If we ever needed proof that time is an arrow, this is it. Once a polymorphism happens, the DNA can’t go backward in time and reverse it. It can only carry the glitch forward. Once the glitches have been identified, it is not difficult to put their genomes in temporal order, one genome begetting another. The result is a family tree in which grandpa’s evolutionary peculiarity gets passed down to each subsequent generation. Putting a family tree together gives us the history of an outbreak. To go back to the Black Death, the DNA recovered from East Smithfield differs by only two glitches from the DNA recovered from Barcelona. In turn, plague DNA from a recent excavation in Bolgar City, briefly a Mongol capital up the Volga River, is just one polymorphism different from the London DNA. The changes got passed down the line. The DNA IN Barcelona glitched before it got to London, and London got glitched when it went up the Volga.

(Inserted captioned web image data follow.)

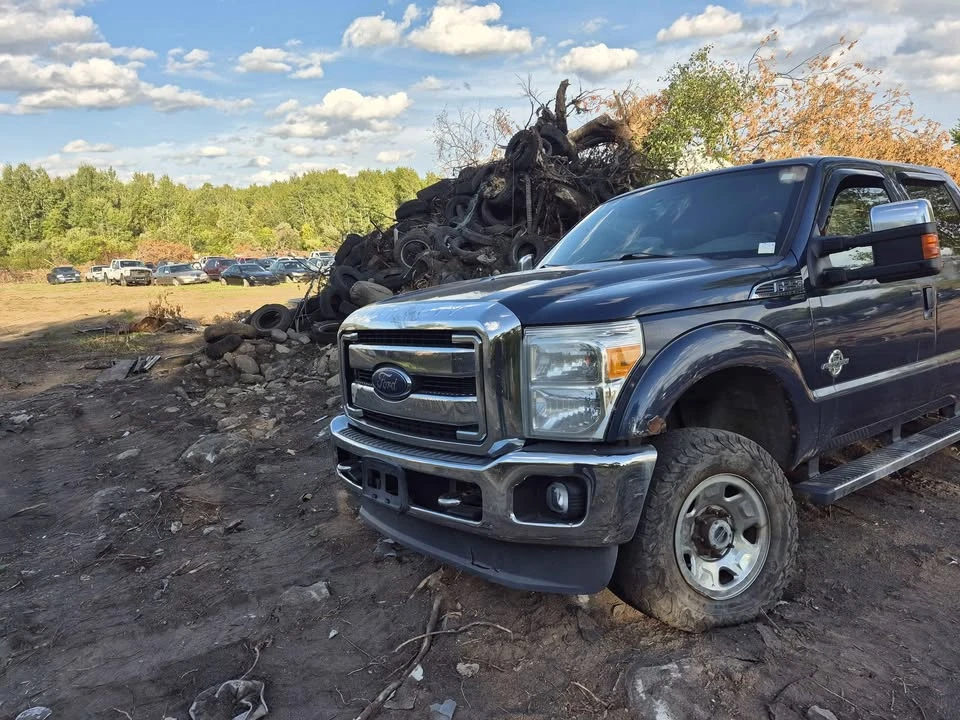 2011 Ford Super Duty 3rd Gen - Image 2 of 2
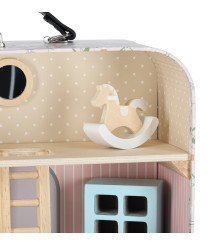 Casa de papusi in valiza cu mobilier din lemn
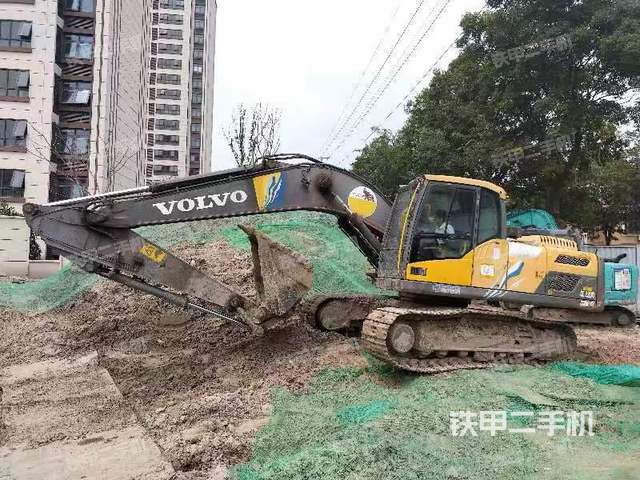 沃尔沃EC200 D挖掘机
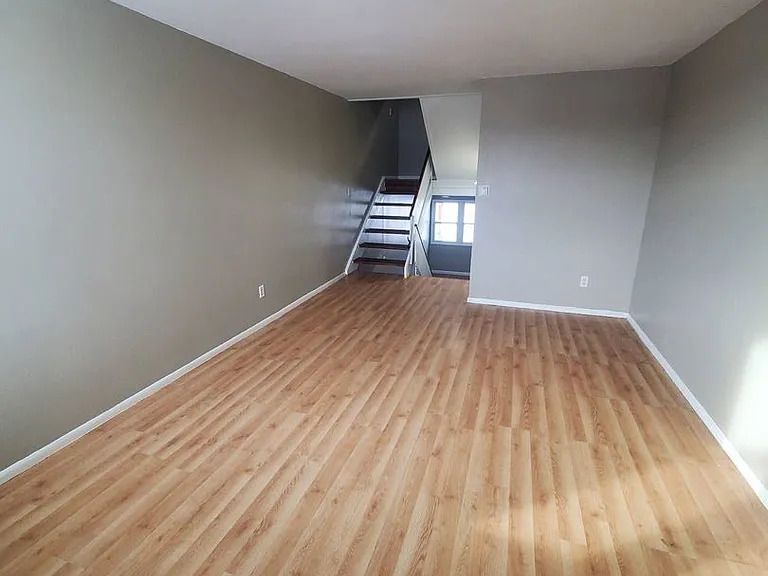 8827-9281 S Woodland Dr — Photo 13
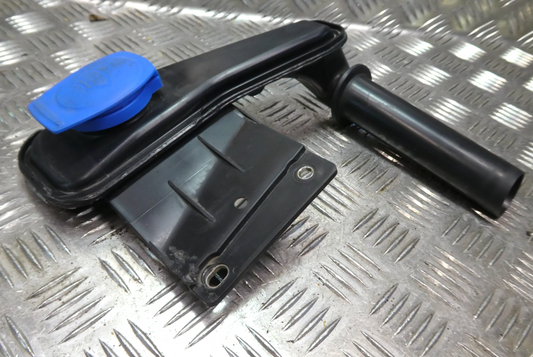 Orig PORSCHE MACAN 3.0 TDI EINFÜLLSTUTZEN TANK 95B955449A 95B955452A ORIGINAL gebraucht - WASCHANLAGE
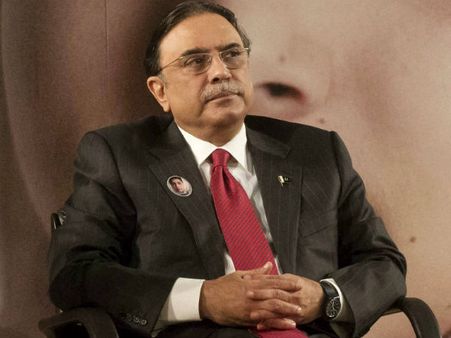 Pakistan: Zardari steps down as president; Mamnoon set to take charge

Regardless of what the documents might or might not say, the bodily remains tell us that this wave of the plague moved from Barcelona to London and then up the Volga, tracing a curioulys circular movement that carried the disease back into the Mongol zone from which it first emerged.

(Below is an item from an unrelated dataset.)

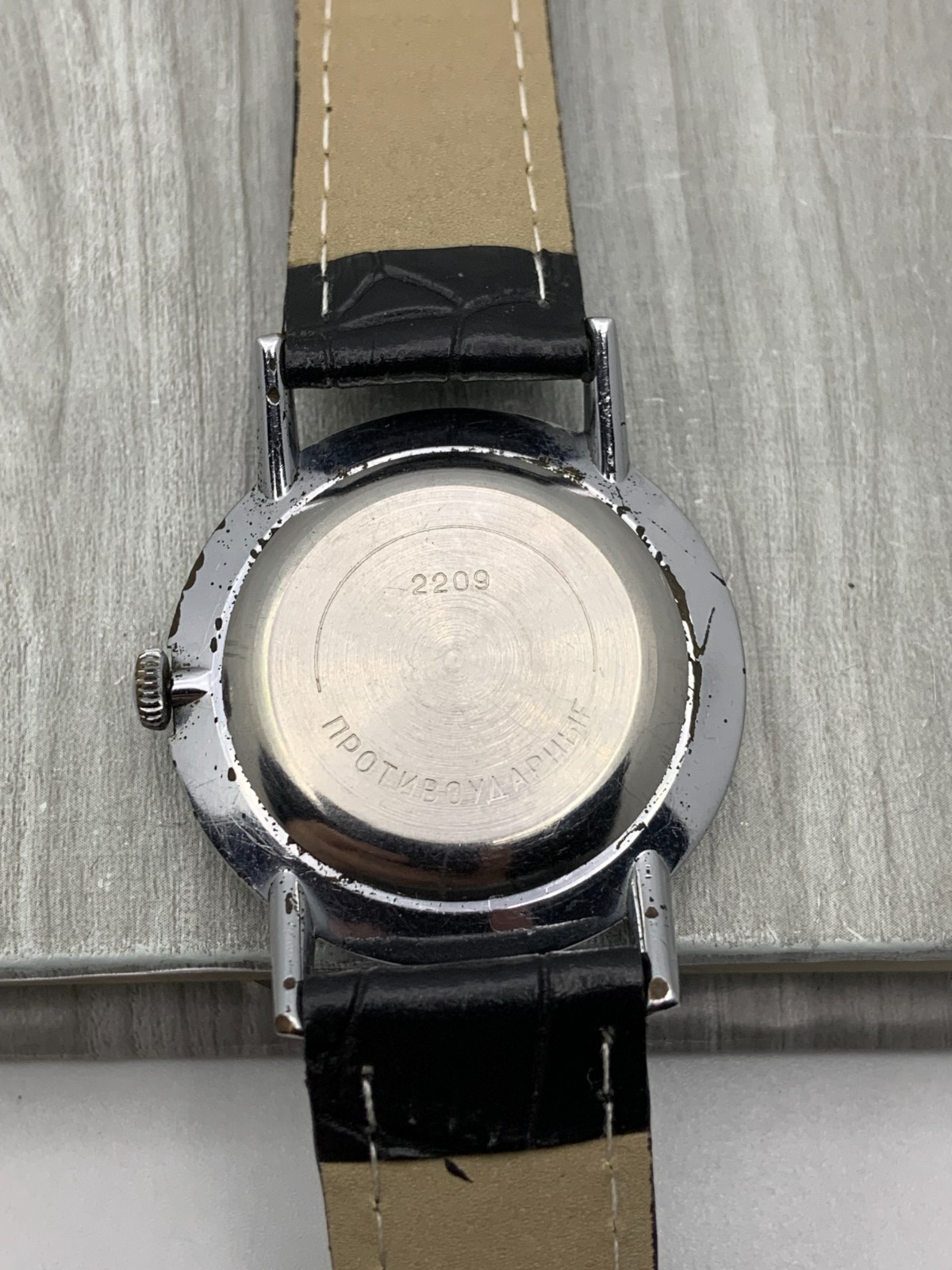 Vintage Soviet Men’s Watch Wostok CCCP Vostok 2209 Mechanical Wristwatch USSR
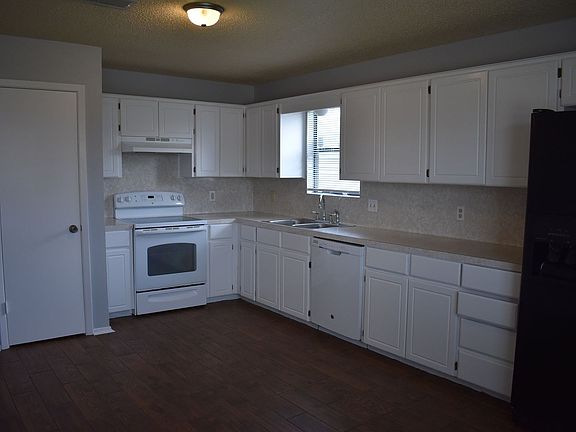 5th image of 2900 Cinco Dr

This may be stating the obvious, but a pathogen doesn’t move unless people do. The plague can drift about among rodent populations, but it can’t cover more than fifteen kilometers a year. The coronavirus couldn’t manage a kilometer without our involvement. In other words, viruses and bacteria don’t cause pandemics; they merely exploit whatever opportunities are on offer, whether that is a plane ride to the next international airport or a boat ride up the Volga.

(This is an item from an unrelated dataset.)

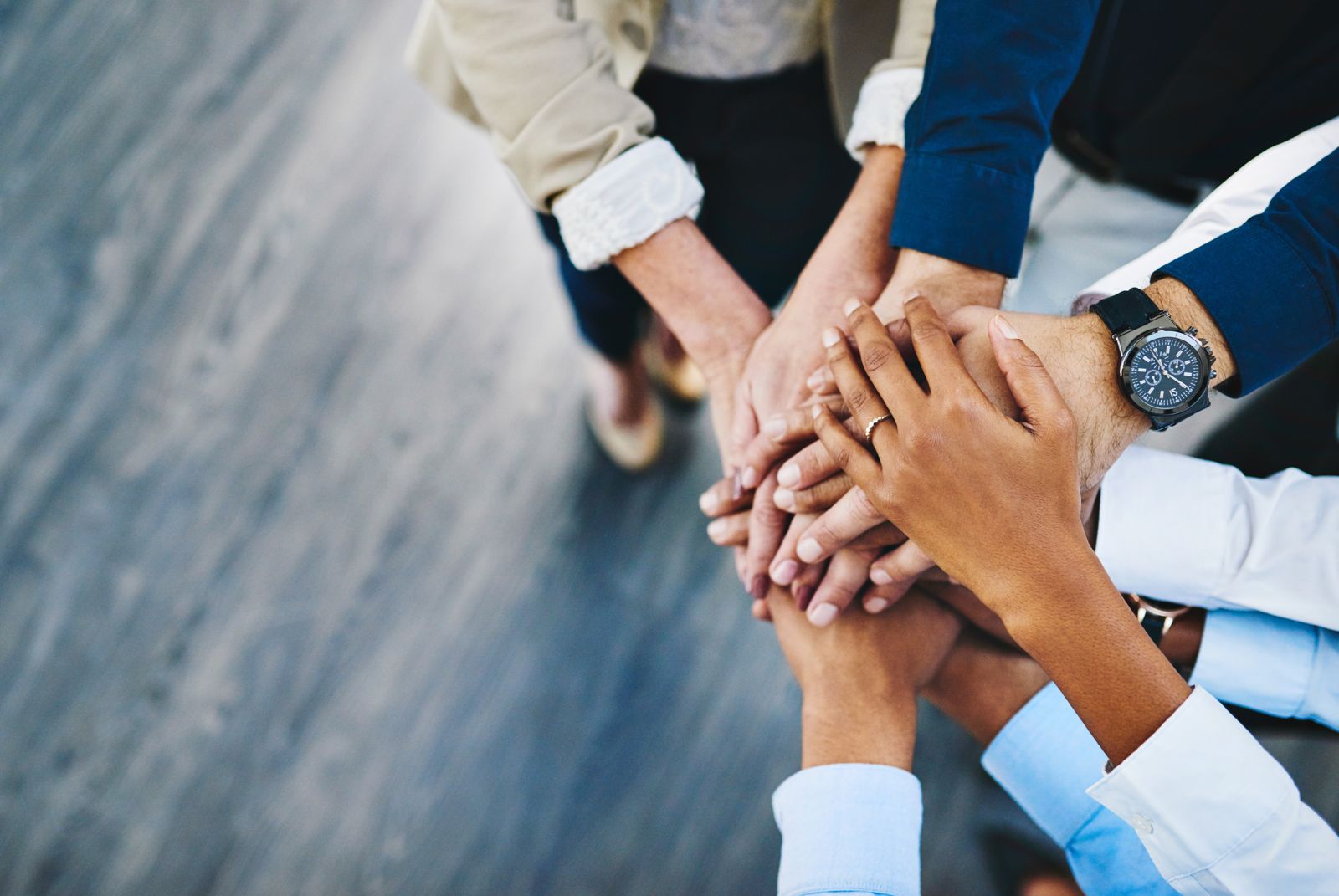 Manos unidas en señal de trabajo en equipo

Pathogens lead simple lives and tell simple stories. It is we who complicate the picture. Pandemics are us.
This is why historians love pandemics. They show people in motion. Showing that, they show us how places and people across the world were connected to each other long before anyone dreamed of our version of globalization. Modern transportation systems and the systems of global greed we decorate with the name of supply chains have given us the means to speed up the process, but otherwise it’s still the same story. Well, not quite. Modern medicine has given us the technologies of vaccination and intensive-care treatment to which our ancestors had no access. Even though some of us will die, we in 2020 are the lucky ones. Without these technologies, the current outbreak of COVID-19 might well be chalking up fatality rates to match the Spanish flu a century ago, or even the Black Death another six centuries before that. But this is not good enough to congratulate ourselves. The medical science has improved, but our social policies haven’t. For the elderly, for the marginalized, those without access to medical care, the outcome will not be kind. The fact that bodies will not be piling up outside city gates is a reprieve of sorts. We would do well to use this reprieve to begin learning about the interconnectedness of us all, and acting accordingly.